Captioned web images
======
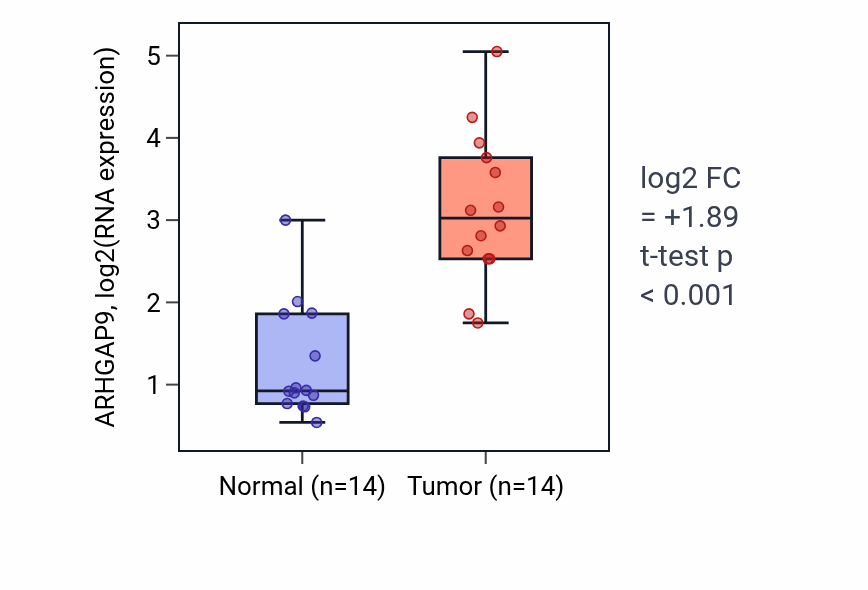 Tumor-vs-normal expression box plot for ARHGAP9 in KIRC.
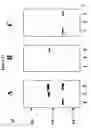 Fig. 12 - Compositions and methods for eliciting an immune response to gram-negative bacterial infections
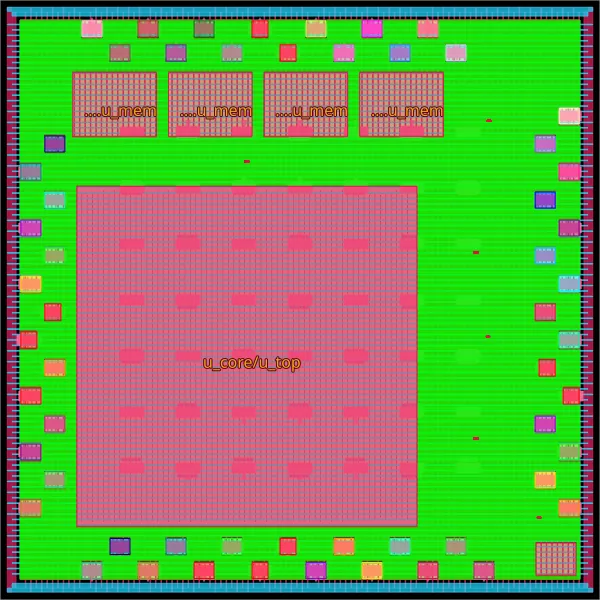 The flip-chip floorplan: no pad ring, IO cells in two rows per side, the RAMs, the core and the PLL inside.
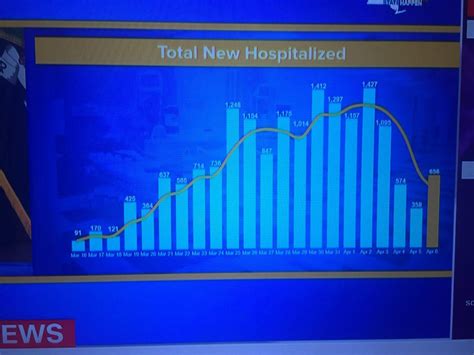 April 7 New York Coronavirus Hospitalization Has A Declining Rate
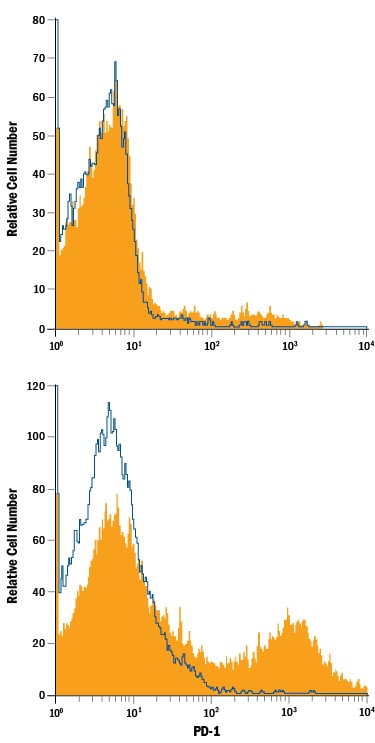 Detection of PD-1 antibody in Mouse Splenocytes antibody by Flow Cytometry.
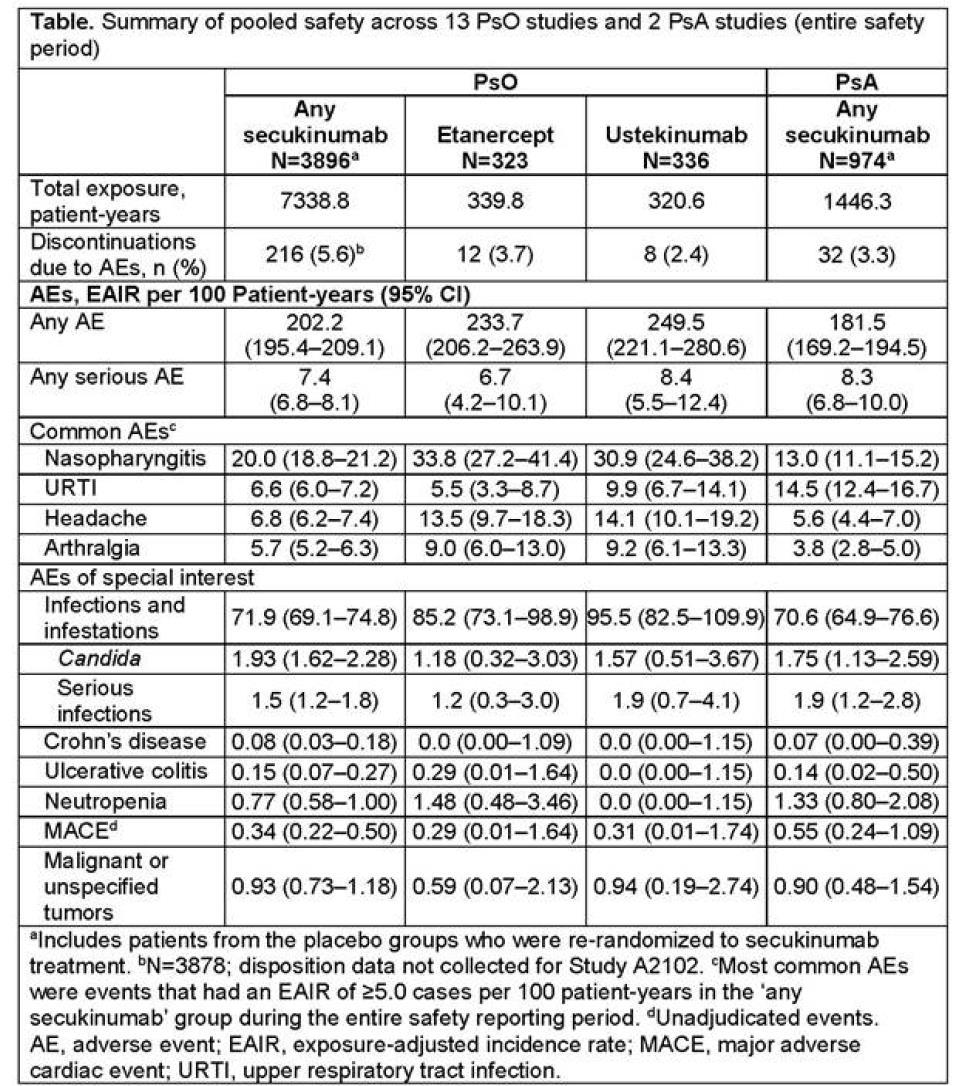 ABSTRACT NUMBER: 1704 Consistent Safety and Tolerability of Secukinumab over Long-Term Exposure in Patients with Active Psoriatic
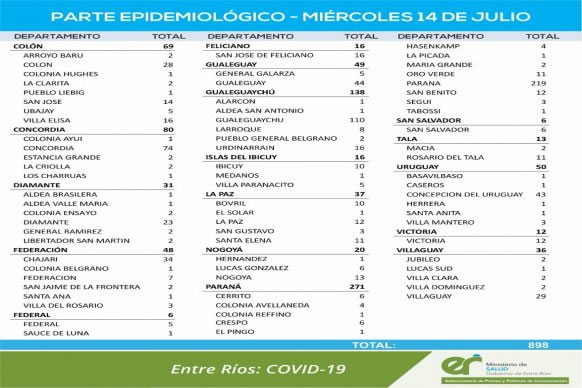 Este miércoles se registraron 898 nuevos casos de coronavirus en Entre Ríos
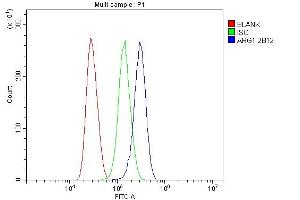 Flow Cytometry analysis of Jurkat cells using anti- liver Arginase/ARG1 antibody (ABIN7600888). (Liver Arginase Antikörper  (AA 25-183))
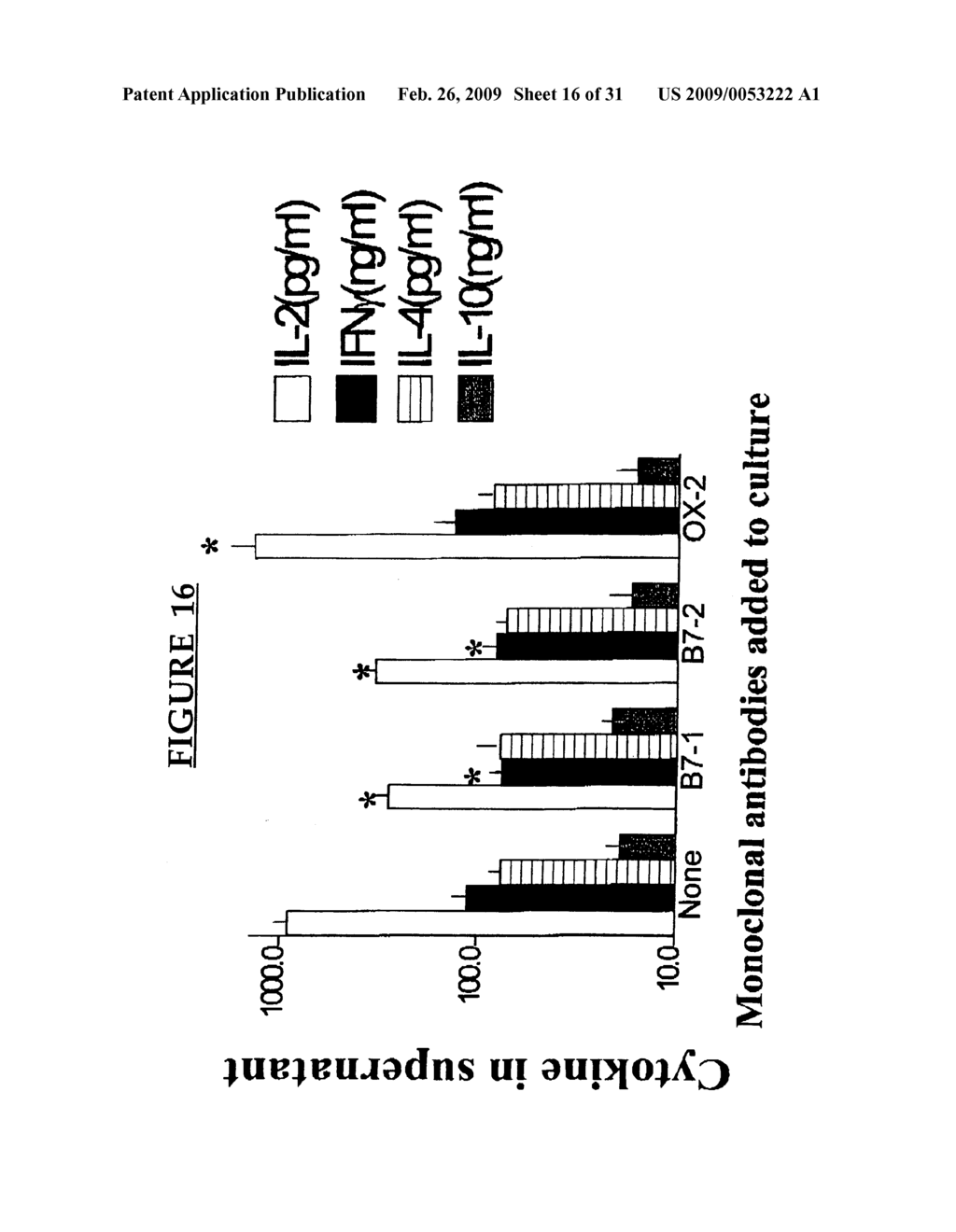 Methods of Treating Cancer by Administering Antibodies to CD200 - diagram, schematic, and image 17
======
EXERCISE BRIEF: An exact reproduction of every record above is required, with no pictures included.

ANSWER TO THE EXERCISE:
 Tumor-vs-normal expression box plot for ARHGAP9 in KIRC.
 Fig. 12 - Compositions and methods for eliciting an immune response to gram-negative bacterial infections
 The flip-chip floorplan: no pad ring, IO cells in two rows per side, the RAMs, the core and the PLL inside.
 April 7 New York Coronavirus Hospitalization Has A Declining Rate
 Detection of PD-1 antibody in Mouse Splenocytes antibody by Flow Cytometry.
 ABSTRACT NUMBER: 1704 Consistent Safety and Tolerability of Secukinumab over Long-Term Exposure in Patients with Active Psoriatic
 Este miércoles se registraron 898 nuevos casos de coronavirus en Entre Ríos
 Flow Cytometry analysis of Jurkat cells using anti- liver Arginase/ARG1 antibody (ABIN7600888). (Liver Arginase Antikörper  (AA 25-183))
 Methods of Treating Cancer by Administering Antibodies to CD200 - diagram, schematic, and image 17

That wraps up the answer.